In this column for Travel Weekly I’ve constantly emphasised the huge scale and efficiency advantages (in a low margin sector) that flow from brand new aircraft and cruise ships.
Increased fuel efficiency, increased capacity and a sleek customer experience can all deliver appreciable cost advantages to businesses that find the capital to buy new ‘stuff’.
Part of the challenge facing say FlyBe, for instance, is that its competitors all have bigger, newer planes with better cost structures, forcing it to compete in the niches. It also faces an uphill struggle to raise fresh capital to deploy into new planes.
Thomas Cook’s refinancing has allowed the steady fleet modernisation at Thomas Cook to progress. Fresh cash is being diverted into this modernisation programme which has already seen a wave of A321s enter service, with many more to follow.
I think investors under-estimate the big improvements to the bottom line that will flow from this programme – only possible because the balance sheet and cashflow is in decent shape.

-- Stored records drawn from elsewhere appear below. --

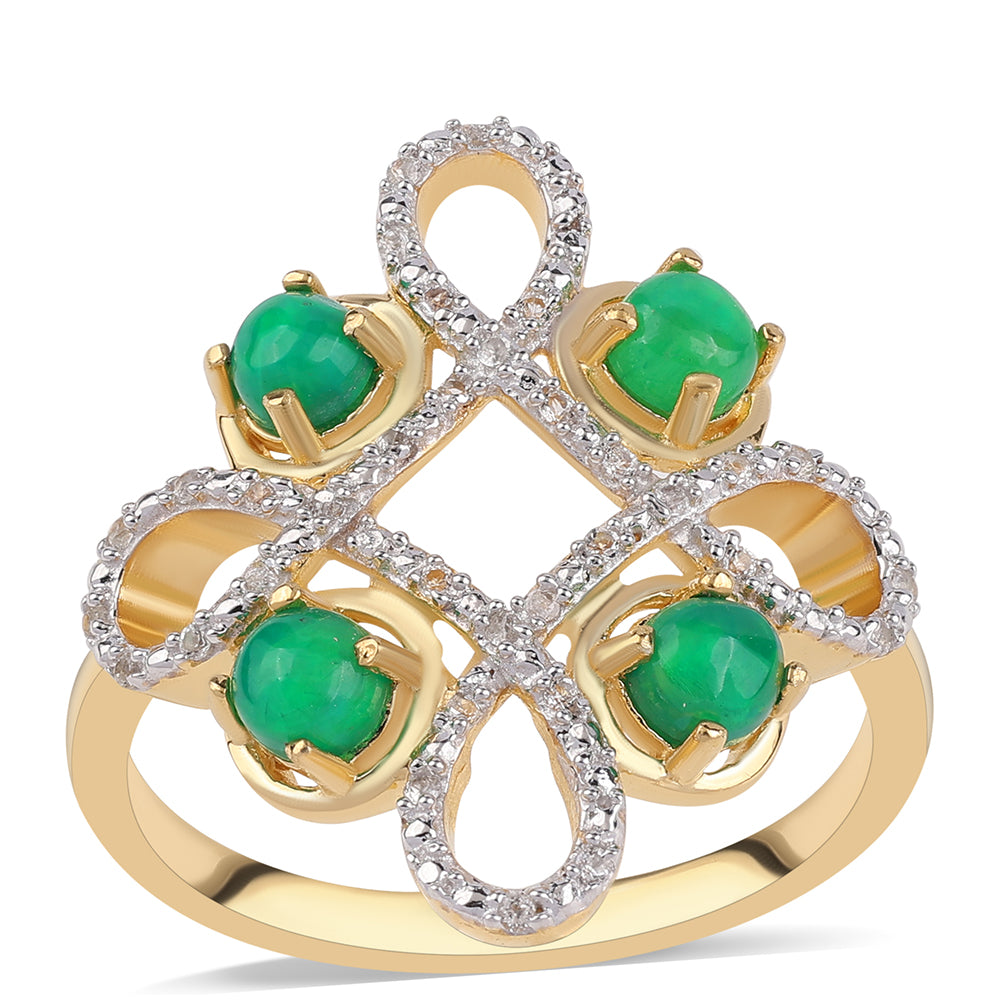 Pozlacený 925 / 1000 Sterlingové Stříbro Prsten se Zeleným Etiopským Opálem z Lega Dembi a Bílým Topazem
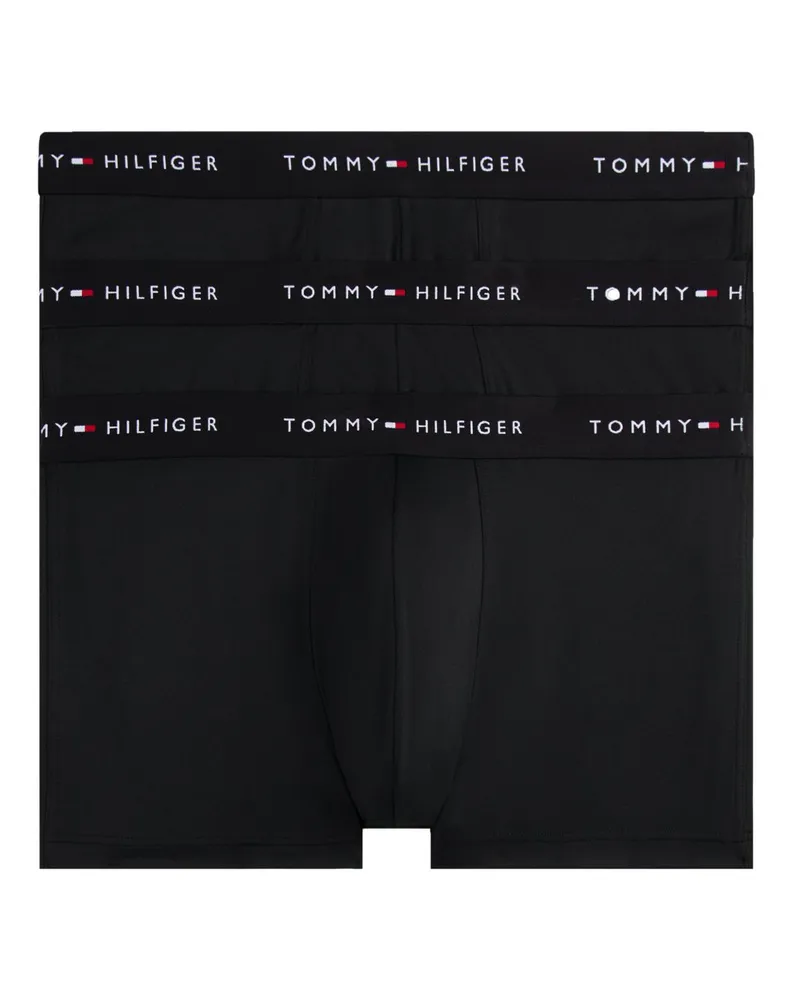 Tommy Hilfiger 3er Pack glatte und elastische Trunks mit Label-Bund in Schwarz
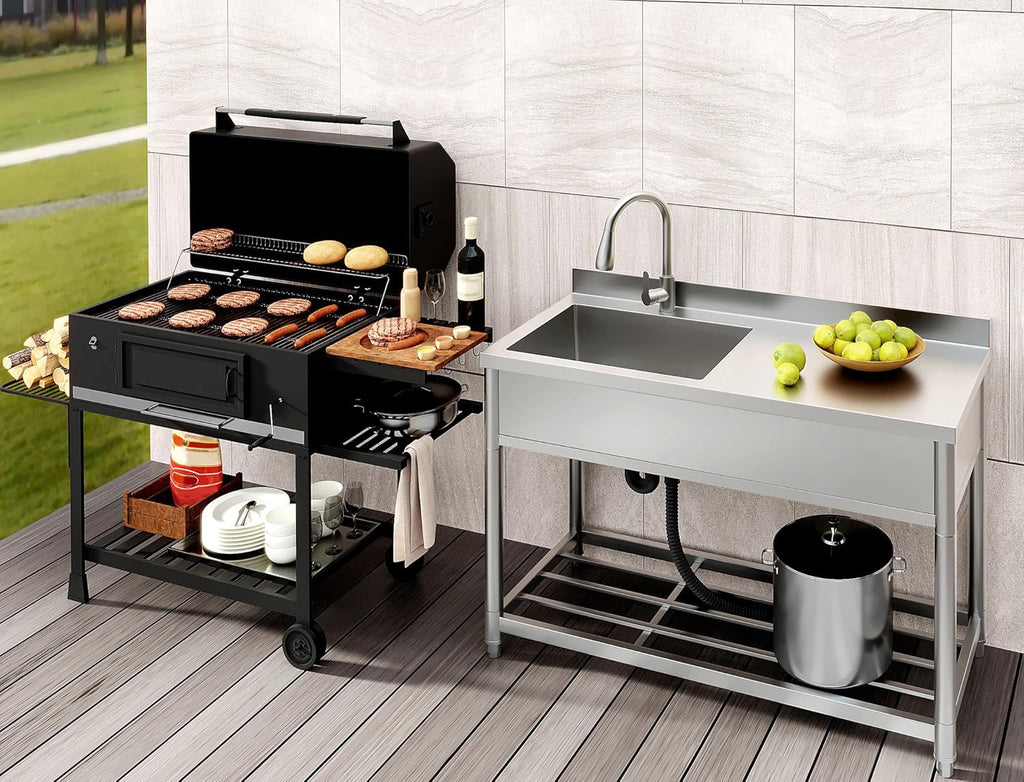 Stainless Steel Commercial Sink with Drainboard, Free Standing Utility Sink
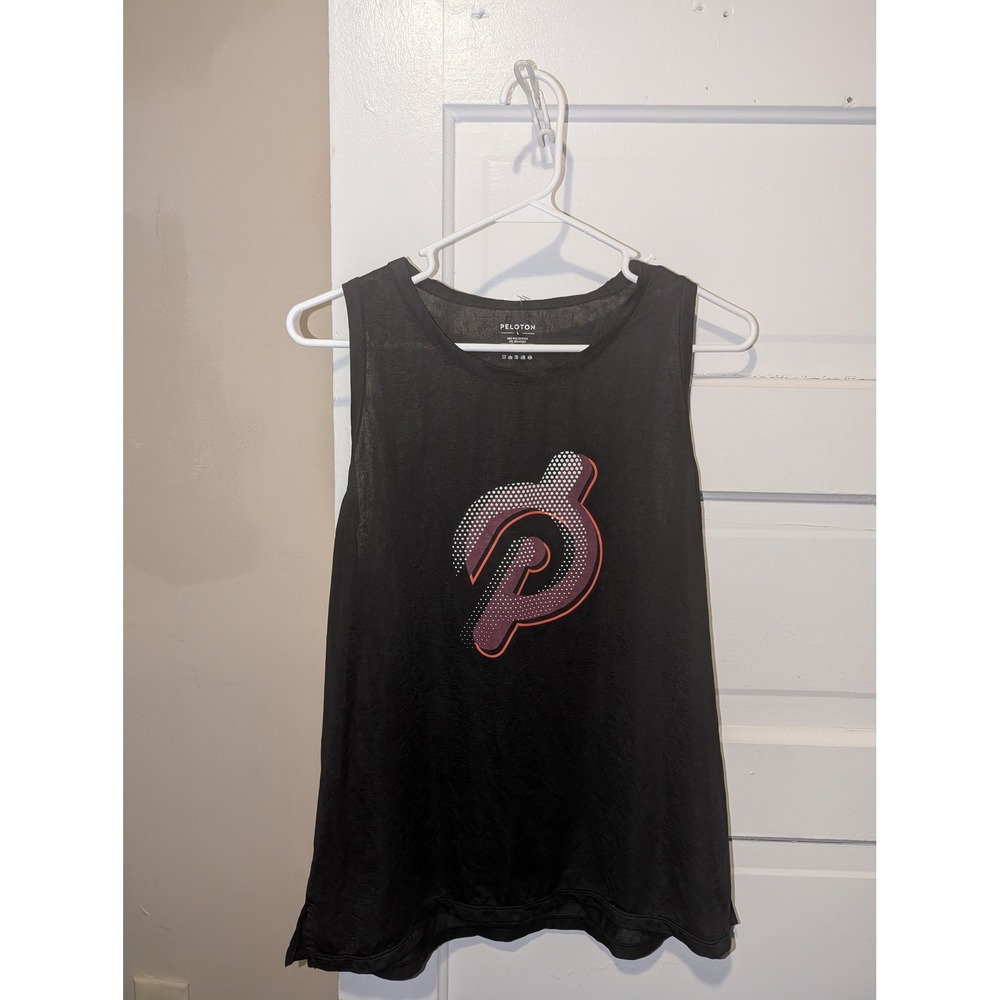 Peloton Womens Large Black Sleeveless Logo Graphic Activewear Tank Top RN 150110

Green’s other great accomplishment is to place huge internal emphasis on product modernisation via omni-digital channels and the new range of differentiated product marketed under the Exclusive Holiday Experience concept.
Quite why it took so long to realise that the future was in selling these more expensive, higher quality product down a cheaper digital line is entirely beyond this observer, but Green has put these two transformations at the heart of what Thomas Cook does.

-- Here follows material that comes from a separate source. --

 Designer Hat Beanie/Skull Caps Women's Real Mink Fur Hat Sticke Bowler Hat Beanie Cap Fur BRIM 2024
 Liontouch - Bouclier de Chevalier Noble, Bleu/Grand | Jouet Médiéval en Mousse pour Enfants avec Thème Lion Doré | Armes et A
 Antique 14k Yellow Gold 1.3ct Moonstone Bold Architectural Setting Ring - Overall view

These also both require extensive investment in the future, although the corporate spin is that the differentiated product set is capital-light – but only if you exclude marketing and product development from the definition of capital.
Yet it’s also these two accomplishments that I think hint at the unsolved challenges that lie in wait for the new boss. Investors will only continue to own the shares if they see that all the drastic cost-cutting will produce jam tomorrow i.e growth and higher margins that are robust over time.
For me the key page in a recent investor presentation looks at strategic targets and KPIs in 2015. One might take fright at the number on this page that says the sales compound growth rate was -1.2% in the third quarter of 2014, yet I’d argue that the big scary numbers are as follows:
- New (differentiated product revenue) will increase to more than £300 million in FY14 (from £167 million in Q3) and a mighty £700 million in full year 2015
- Web penetration will also increase from its current 37% to a stonking 50% in full year 2015.
If I were to cut through the management jargon, I’d say that senior management have bet the entire future of the business on squeezing costs out of the legacy business and investing this hard cash in a bigger, better digital route to market and smart, trendy new products.
Those targets set by Thomas Cook for 2015 are, I suspect, fairly heroic, especially if the Eurozone continues to sink into austerity-fuelled deflation.
Also, jumping from 37% to 50% within a few years for digital penetration is going to require a fairly massive commitment to both IT capex and marketing – money that may not be on the table if cash-flow generation is held back by big interest bills and airline capex.
Which brings me back neatly to my last observation: it’s the free cash flow (after capex and interest bills) that keeps Thomas Cook alive, and I would maintain it’s simply not generating enough to keep up with its own ambitions.
What makes matters even more worrying is that it is going to need to refinance two huge bond issues (£310 million in 2015 in euros and £297 million in 2017 in sterling) just as corporate borrowing rates are set to increase in cost (especially for sterling-based issuance).
If I were a bond investor looking to refinance this business, I’d demand a much higher rate of interest to reward me for the risk of business failure – not from the company going bust but from not producing enough cash to be able to grow the top and bottom line and thus service the debt.
That extra financing cost will feed through into a tighter cash flow just as the business needs to scale up investment in higher margin businesses. My sense is that Thomas Cook could be in for a bumpy ride in 2015.